As some employers were taking measures to comply with OSHA's Emergency Temporary Standard requiring employers with 100 or more employees to administer Covid-19 vaccine-or-testing rules, a divided U.S. Supreme Court enjoined the enforcement of standard, for now, although permitting the healthcare industry to implement the rule.
For John Sarno, president of the Employers Association of New Jersey, many employers are relieved but many others are in a quandary.
“To deny the impact of the coronavirus on the workforce would be extremely callous,” says Sarno. “Employers have to do something to convey their concern for workers health and safety or risk a group of disgruntled and disgusted workers quitting or just doing the very least on the job," he adds.
On the other hand, some employers are uncomfortable or unable to process the complex information required to implement the right policies and practices. “Many of them quietly said, if the mandate … was upheld, we could at least tell our employees, ‘They’re making us do this’ and so shift some of the blame, some of the frustration,” said Sarno.
Now it’s up to employers. With so many workers calling out sick and the omicron variant still fueling high COVID-19 caseloads, it’s a tough decision. Regardless of size, employers must continue to stay apprised of the latest information on infection rates, testing and vaccine availability other information form the Centers for Disease Control and Prevention and other credible sources.

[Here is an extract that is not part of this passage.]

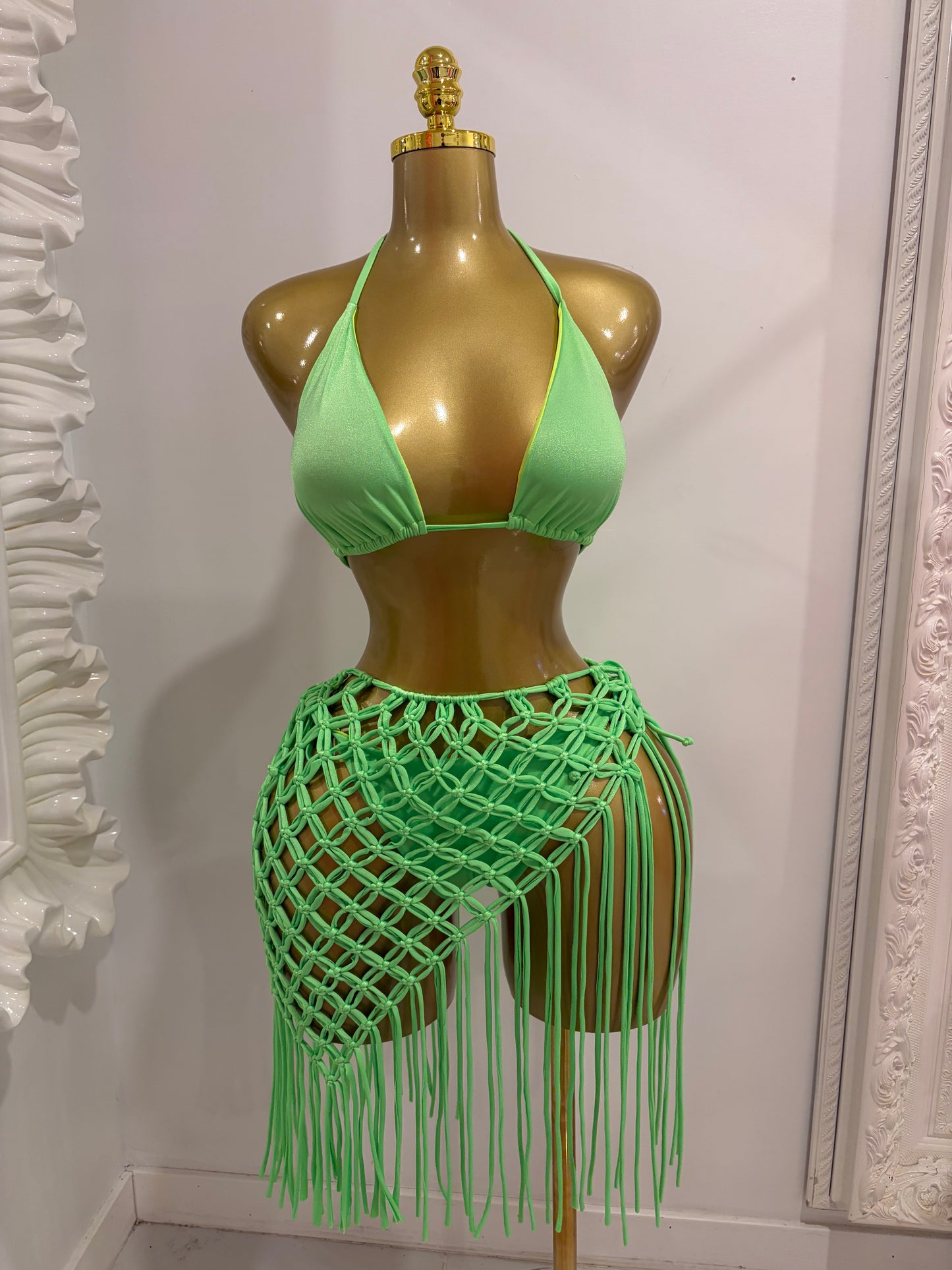 3 Piece Crotchet Bikini Set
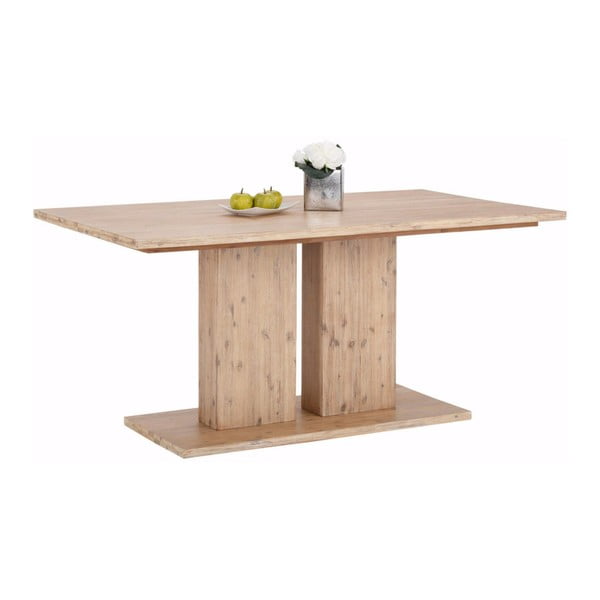 Hnedý jedálenský stôl z masívneho akáciového dreva Støraa Yen, 90 x 160 cm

Since the court decision, the Occupational Safety and Health Administration, has withdrawn the emergency temporary standard effective January 26, 2022. However, the agency has not withdrawn the standard as a proposed rule as the court gave its approval to regulate risks associated with working in particularly crowded or cramped environments.
At present, both the CDC and OSHA strongly encourage vaccination of workers against the continuing dangers posed by COVID-19 in the workplace.
Recent surveys suggest that most employers do not affirmatively require workers to get vaccinated as a condition of employment.
“It’s a mixed bag of reasons,” says Sarno. “Some are concerned about employee push-back and others don’t like keeping records or tracking employees. Others are doing the basics like working from home and requiring masks so that’s enough for them. But I think the main reason is that implementation of a vaccine policy is labor intensive and time consuming and that means training and paying people to implement the policy.”
And some companies have changed policies dramatically, confusing workers and customers. Before the court decision, Starbucks announced that it was requiring its U.S. employees to be vaccinated against Covid-19 or submit to regular testing, one of the first large restaurant chains to take such a step ahead of potential federal vaccination mandates for large employers.
After the court decision, employees were told in a memo that they would no longer be required to be fully vaccinated or submit to weekly coronavirus testing.
Despite the change, Starbucks is still encouraging that all workers be vaccinated.
Still most experts and employment lawyers are recommending that employers implement, or continue to administer, robust policies and practices. And employer can implement vaccine requirements if it wants to.
For example, employers may choose to have a mandatory vaccination policy for one subset of employees and an optional vaccination policy with testing and face coverings for another subset of employees. And employers may also have to provide reasonable accommodations for the COVID-19 testing and face covering obligations due to disabilities and sincerely held religious beliefs.
Employers may determine and record each employee’s COVID-19 vaccination status, including if an employee is partially or fully vaccinated, and require and preserve acceptable proof of vaccination status of all employees who are vaccinated, including if they are partially or fully vaccinated.
Employers can maintain rosters that indicate, for each employee, whether they are fully or partially vaccinated or not vaccinated at all.
“The pandemic has not repealed the laws of human nature,” says Sarno. “If employers are getting by with working from home and wearing masks on site and business is getting done without requiring workers to get vaccinated, and if its not broke, why fix it.”